Ultimately, all of the scientific method boils down to one simple question: "How do you know?" This is the core of every scientific paper, and when I do not find it, I am guaranteed to recommend rejection rather strongly. I've had a whole string of papers to review that fail in this regard recently, and it frustrates me to the point where I have changed the way in which I read review papers. When I begin to review a paper these days, I start by looking at the title and abstract, then immediately flip to the end of the paper to see if there are any results. Whether it be real-world evidence, lab experiments, simulations, or theorems, I want to know that the authors have delivered something that gives substance to the discussions and assertions that are presented in the rest of the paper. If so, then I will read the paper with much more enthusiasm and give it a careful review; if not, then I will skim quickly to make sure that I have not missed anything fundamental, but with the pre-judgement that the paper is almost certainly going to fail and be rejected. Even a review paper would not completely escape this judgement of mine: after all, there should be some synthesis that brings all of the different pieces together to differentiate a good review paper from merely being a keyword search.
So far, it's simple. You can't claim to know something if you don't present some sort of information to justify that knowledge. Where it gets difficult is that justification of knowledge is often quite a different matter than people seem to think it is---even scientists. For example, people often present a number in isolation as though it is meaningful, without giving context to compare it to. If I tell you a current car can drive 60 miles/gallon, that's a meaningful number because you probably know what other cars tend to get; if I told you that a certain type of car in the 1930s got 12 miles/gallon, however, would that be a lot or a little comparatively? I certainly don't know, and I get frustrated when people drop context-free numbers like this.

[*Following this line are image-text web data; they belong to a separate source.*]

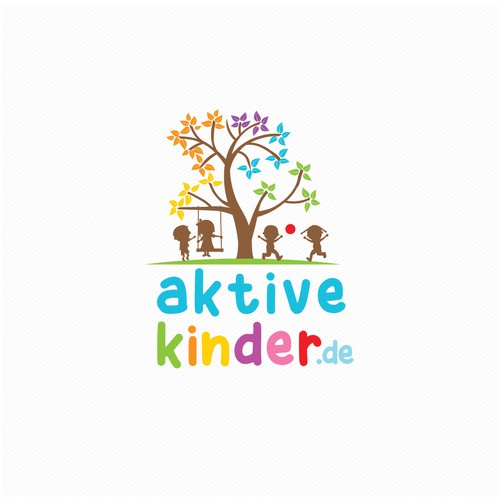 aktive kinder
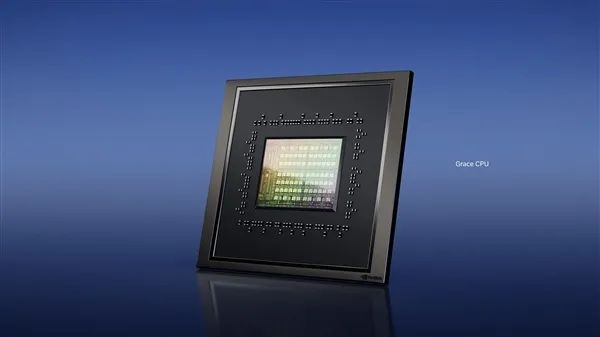 领先几光年！NVIDIA CPU+GPU超级芯片终于量产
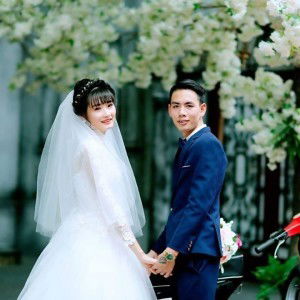 Cương Kim profile icon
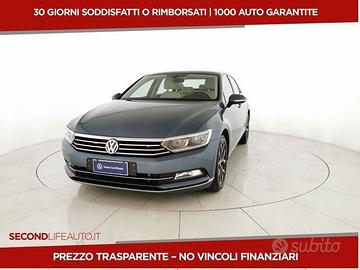 Volkswagen Passat 2.0 tdi Highline Executive ...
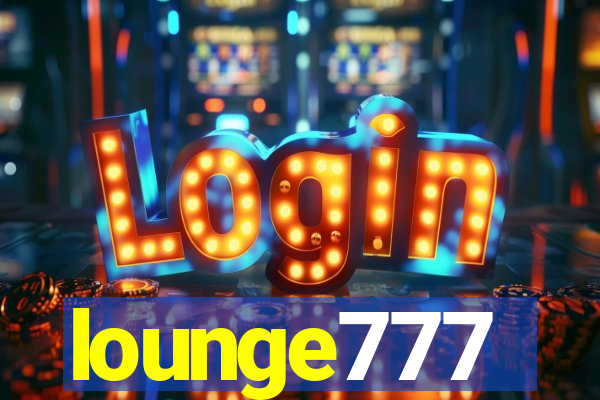 lounge777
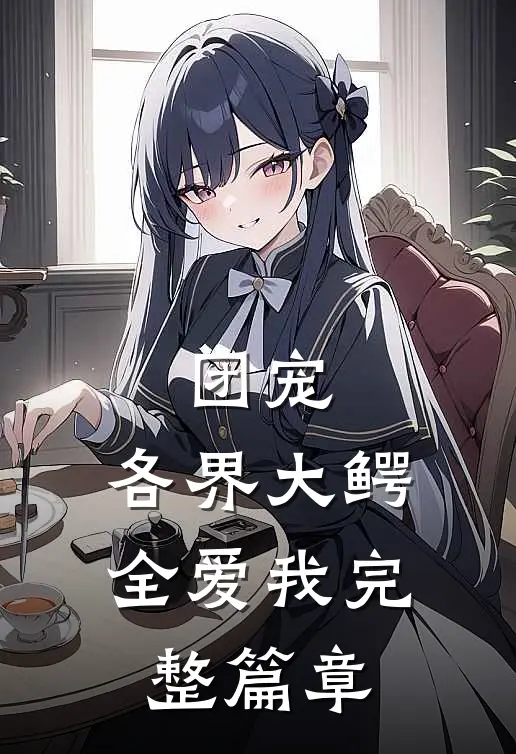 团宠：各界大鳄全爱我完整篇章
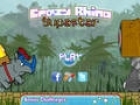 Crazy Rhino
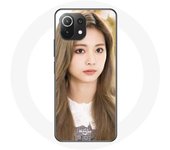 Coque pour Xiaomi Mi 11 Lite TWICE Tzuyu Concept Photo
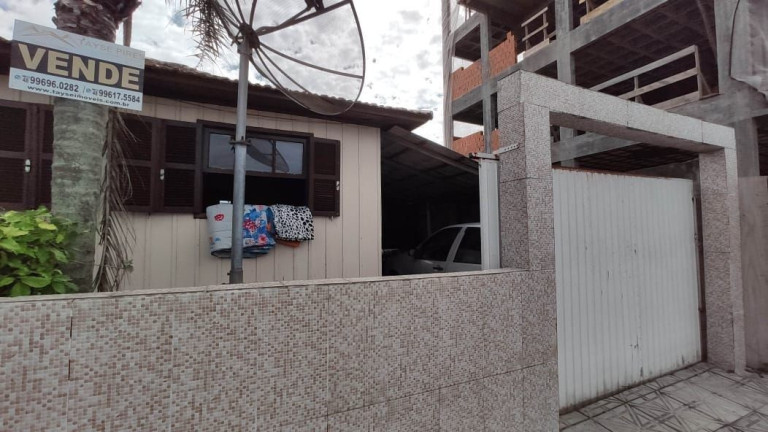 Imagem Terreno à Venda, em Centro - Imbituba Imagem Terreno à Venda, em Centro - Imbituba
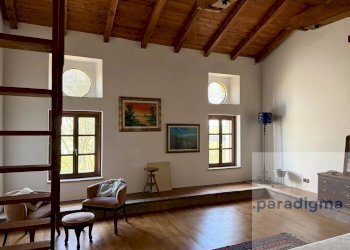 Historic Residence Via Collo Tanaro, Alluvioni Piovera - photo 22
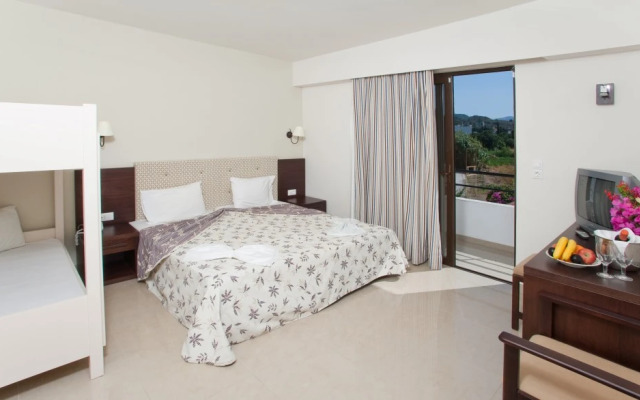 Matoula Beach Hotel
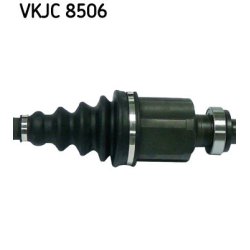 Drive Shaft VKJC8506 SKF VKJC 8506 OE Ref 3273NX SKF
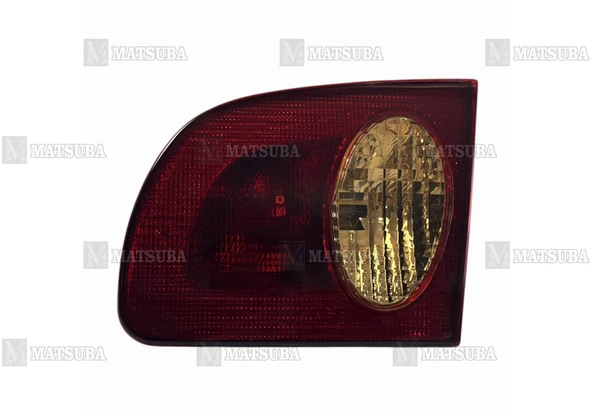 TOYOTA COROLLA SAĞ BAGAJ STOP 1999-2002 81580-12060-MTS ürün görseli 1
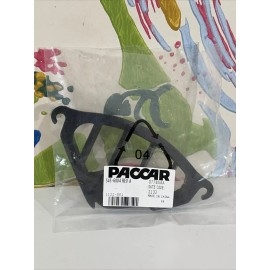 Paccar OEM Paccar S45-6004 HVAC Defrost Louver Replacement Part Peterbilt LHS Window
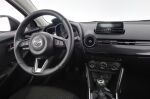 Harmaa Viistoperä, Mazda 2 – MNN-545, kuva 10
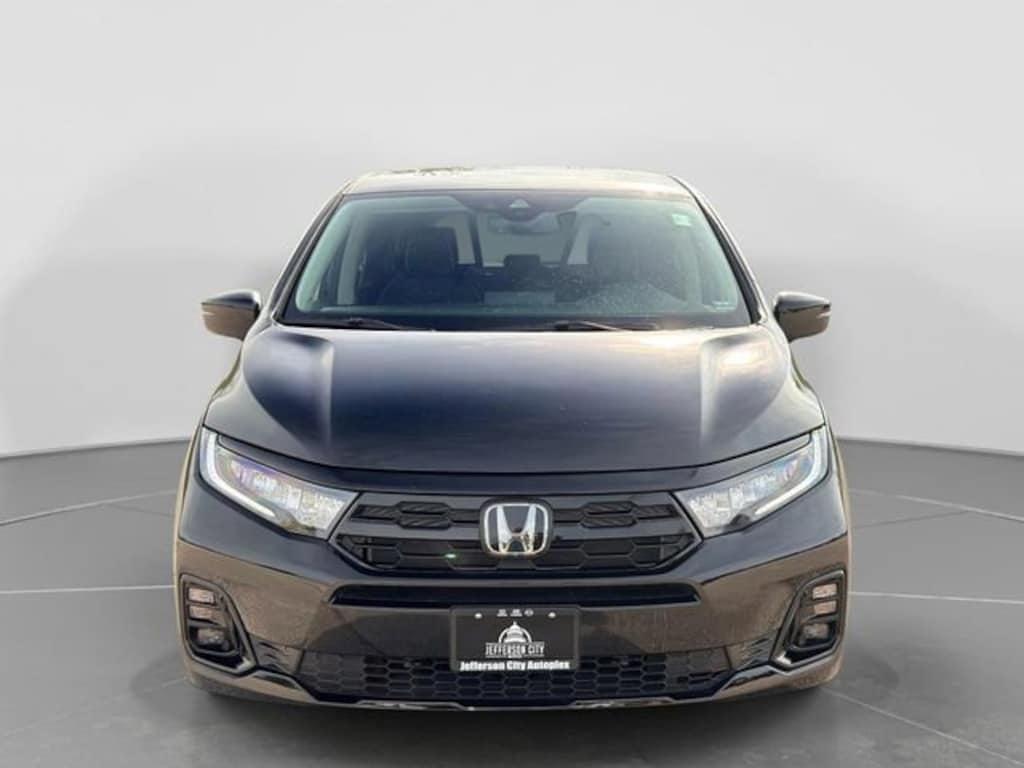 Used 2025 Honda Odyssey Elite Elite Auto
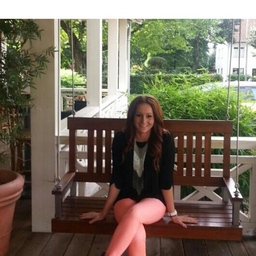 Nicole Hempel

This applies not just to obscure bits of scientific inquiry, but also to all our ordinary lives. News articles, for example, are full of assertions based on numbers without comparison, as are the labels on foods we eat. Is $10 million dollars for a bridge a crazy boondoggle or remarkably efficient? Does "low fat" just mean higher sugar and salt, or that it's actually made in a more healthy way?
At the same time, this doesn't mean one should fetishize any particular classical mode of experimental design or demand "absolute proof" of anything. There's a lot of ways to lay one's hands on information, and most of them do not need to be double-blind controlled randomized trials. My own scientific work, for example, almost never involves blind trials, because I work with strong signals and can use computer programs to ensure regularity in how each piece of data is treated.
But dammit, at least give me something to support your castles in the air!